Supplied records:

Segment Open

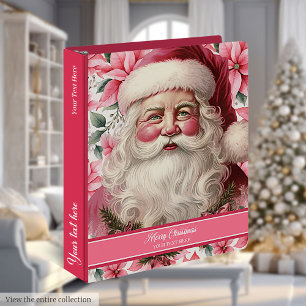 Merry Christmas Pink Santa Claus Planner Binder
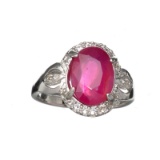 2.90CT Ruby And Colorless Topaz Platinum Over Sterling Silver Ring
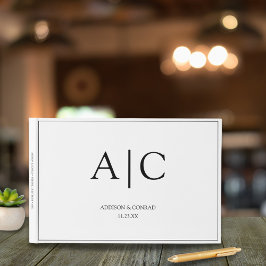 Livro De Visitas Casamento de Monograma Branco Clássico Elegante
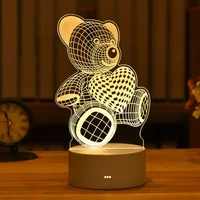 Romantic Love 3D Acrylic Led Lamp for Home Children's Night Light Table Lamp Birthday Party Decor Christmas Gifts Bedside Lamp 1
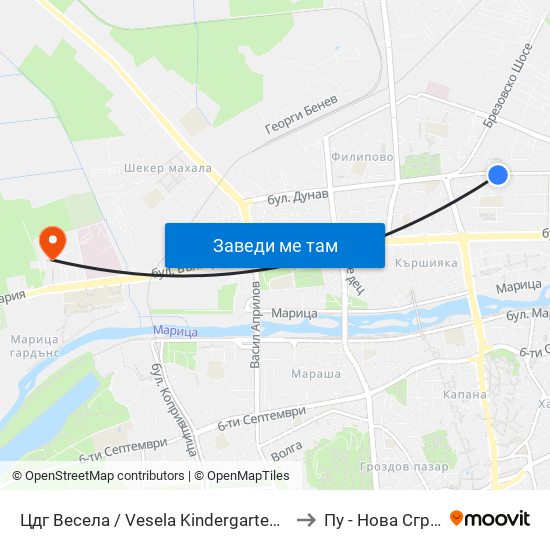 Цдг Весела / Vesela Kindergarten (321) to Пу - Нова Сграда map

Segment Closed
Segment Open

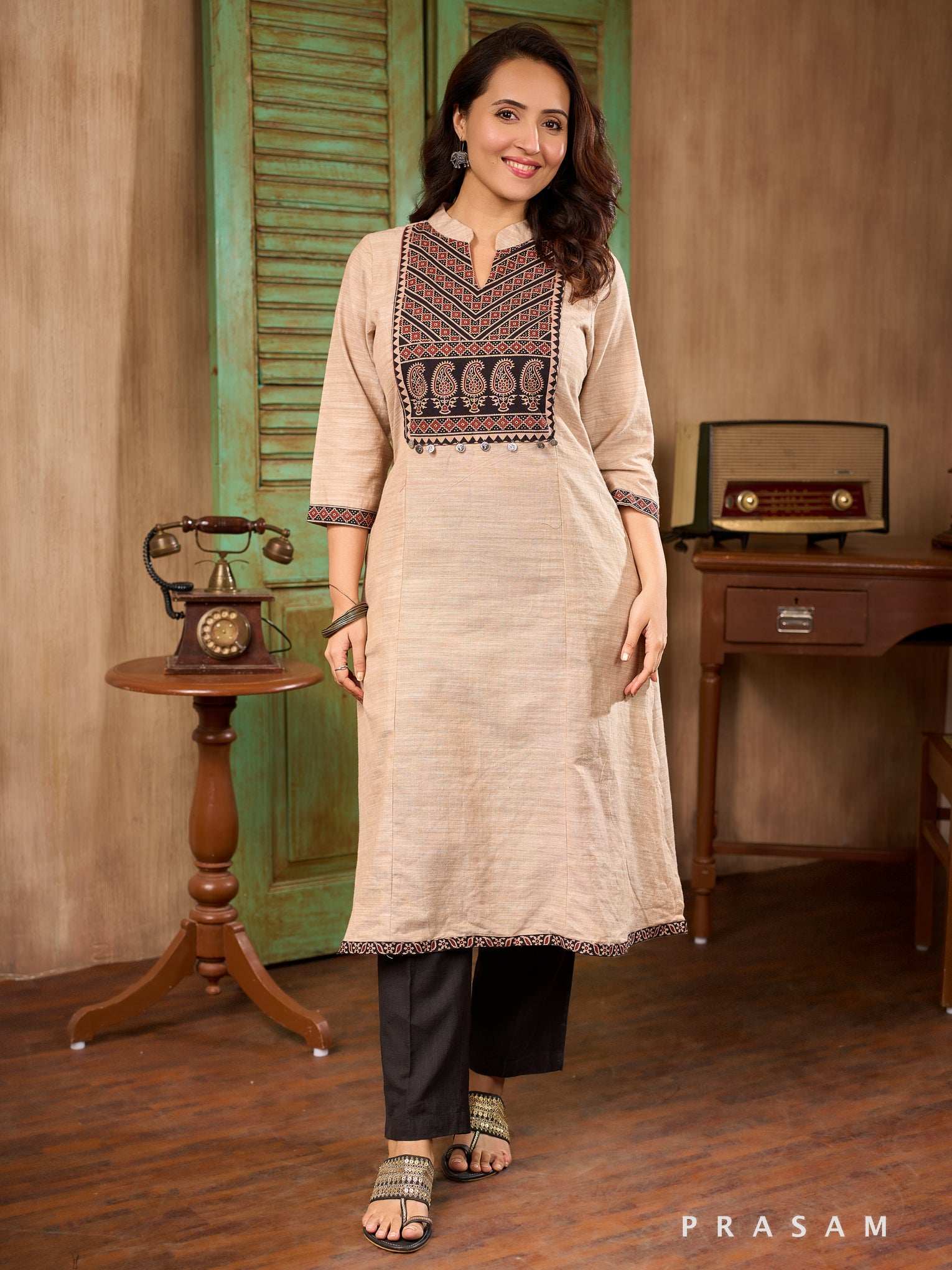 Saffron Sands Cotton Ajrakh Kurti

Segment Closed
Segment Open

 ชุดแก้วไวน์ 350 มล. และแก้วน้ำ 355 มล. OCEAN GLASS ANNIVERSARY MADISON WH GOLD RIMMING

Segment Closed

What is required: Range to copy from the listing above: the line with "Merry Christmas Pink" through the line with "Livro De Visitas". Transcribe it exactly and skip the pictures.

Solution:
 Merry Christmas Pink Santa Claus Planner Binder
 2.90CT Ruby And Colorless Topaz Platinum Over Sterling Silver Ring
 Livro De Visitas Casamento de Monograma Branco Clássico Elegante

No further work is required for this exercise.